Marjorie Beasley, 91, can't quite remember how long she has been living at her care home in Herne Bay, but it has been a few months. She is, though, relieved to have carers on hand who attend to her every need: "They look after me very well here. I am happy and go down at lunch time for dinner but I have supper in my room – I always have ice cream."
Her neighbour, 90-year-old Amelia Brocklesby, moved in to the Signature Senior Lifestyle's Miramar home a little over two months ago and is mightily happy that the bed is comfortable. The bed at her previous care home, a few miles away, was not.
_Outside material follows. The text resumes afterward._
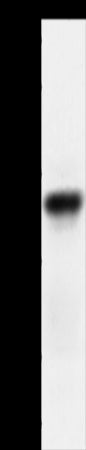 Anti-ACR Rabbit Polyclonal Antibody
"I need a lot of care," she says. "I need help getting up and getting dressed and everyone here is so kind and so, so sweet. It is such a tough job for them."
Mrs Beasley and Mrs Brocklesby are the lucky ones. Unlike some residents of rival care-home owner Southern Cross, there has been no threat of eviction from this luxurious care home on the Kent coast.
Southern Cross, which owns more than 700 homes across the UK, has been in dire financial circumstances for the past year. The group was owned by Blackstone until 2006, when the private-equity giant made around £600m in a stock-exchange flotation. Since listing, costs have been cut and money raised from the sale and leaseback of its properties.
The result was that earlier this month, landlords had to agree that Southern Cross could reduce its rental payments and sell off some of its homes in order to stave off financial ruin.
Analysts sang the demise of the City's and private equity's affair with the care-homes business. However, the sector is not a total bust, and properly managed care homes can still work for both owners and residents.
A Cross to bear
Craig Woollam, head of healthcare at property adviser Savills, points out that the sheer size of Southern Cross made it "unwieldy" and "expensive to manage". Rents were high and the private-equity model meant that there was a lot of debt on the balance sheet.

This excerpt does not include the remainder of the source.